Grand tour littéraire
Le tour de l’Europe que faisaient jeunes gens de bonne famille pour parfaire leur éducation toute imprégnée d’humanités grecques et latines, Gustave Doré le fait à sa manière, en illustrant les classiques de la littérature européenne. Autant les effets de manche de Don Quichotte et les hyperboles gargantuesques me laissent assez indifférente, autant l’univers de Dante me fascine – La Divine Comédie risque de se retrouver très bientôt sur ma PAL (si vous avez une traduction à me recommander, n’hésitez pas).
Tournée dantesque…
(Je verrais très bien cette gravure dans la photothèque d’Incitatus.)
Si on va du côté parallèles ciné, je dois dire que cette gravure me fait penser à Harry Potter and the Half-Bood Prince, quand le héros est avec Dumbledore au milieu du lac verdâtre où se trouve caché un horcruxe.
How scary is that, Ron?
La palme de cette littérature « excentrique » revient aux Anglo-saxons, Poe en tête. Son corbeau a inspiré Gustave Doré bien après qu’il a dessiné la couverture du recueil de nouvelles ; on en retrouve la silhouette dans un ange noir. Petite pensée pour From the Bridge en découvrant une référence à Paradise Lost et surprise devant une vue des docks dickensiens : mais c’est Canary Wharf ! (Même si, d’après le GPS palpatinien, il s’agirait plutôt de Canada waters.)
Dickens, es-tu là ?
Le Londres d’Oliver Twist n’est pas le seul endroit de l’œuvre de Gustave Doré où règne l’esprit de Dickens : une semblable verve satirique anime des caricatures très piquantes sur le communisme, les codes estudiantins ou encore l’histoire de la Russie (la réédition risque elle aussi de se retrouver sur ma PAL) et la peinture sociale transfère un peu de la misère des faubourgs londoniens à Paris, à l’époque de la Commune.

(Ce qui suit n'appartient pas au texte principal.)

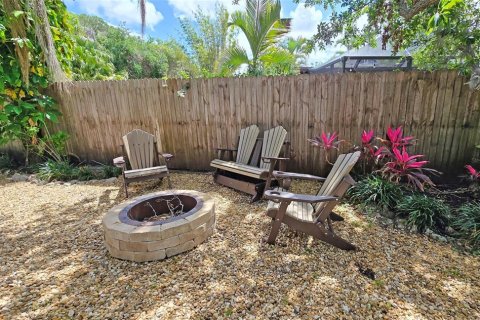 House in Sarasota, Florida 2 bedrooms, 149.02 sq.m. № 1642519 - photo 27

Suite du règne d’Ivan-le-Terrible. Devant tant de crimes, clignons de l’œil pour n’en voir que l’aspect général. L’humour à la Tristam Shandy.
Les embrasements de la Commune, au fond, et devant, cette silhouette qui fait ressortir toute la froideur…
L’Enigme ou la Commune façon Khnopff. Oui, mon ange, la mort (de l’idéal) fait partie du mystère de la vie.
Au final, l’exposition est pleine de surprises et de déjà-vu : l’œuvre de Gustave Doré fait si bien partie de l’imaginaire commun qu’on méconnaît son influence originale – le paradoxe de l’illustrateur.
N’auriez-vous pas dit vous aussi que La Ronde des prisonniers était un tableau de Van Gogh ?
Bonus hors-sujet : un tableau dont le commissaire d’exposition ne savait visiblement que faire, accroché au début de l’exposition comme amuse-bouche. Il me fait penser à ce conte où deux oiseaux font voyager une grenouille en portant dans leur bec la branche qu’elle a mise dans sa gueule – et que, bien sûr, elle ne peut s’empêcher d’ouvrir.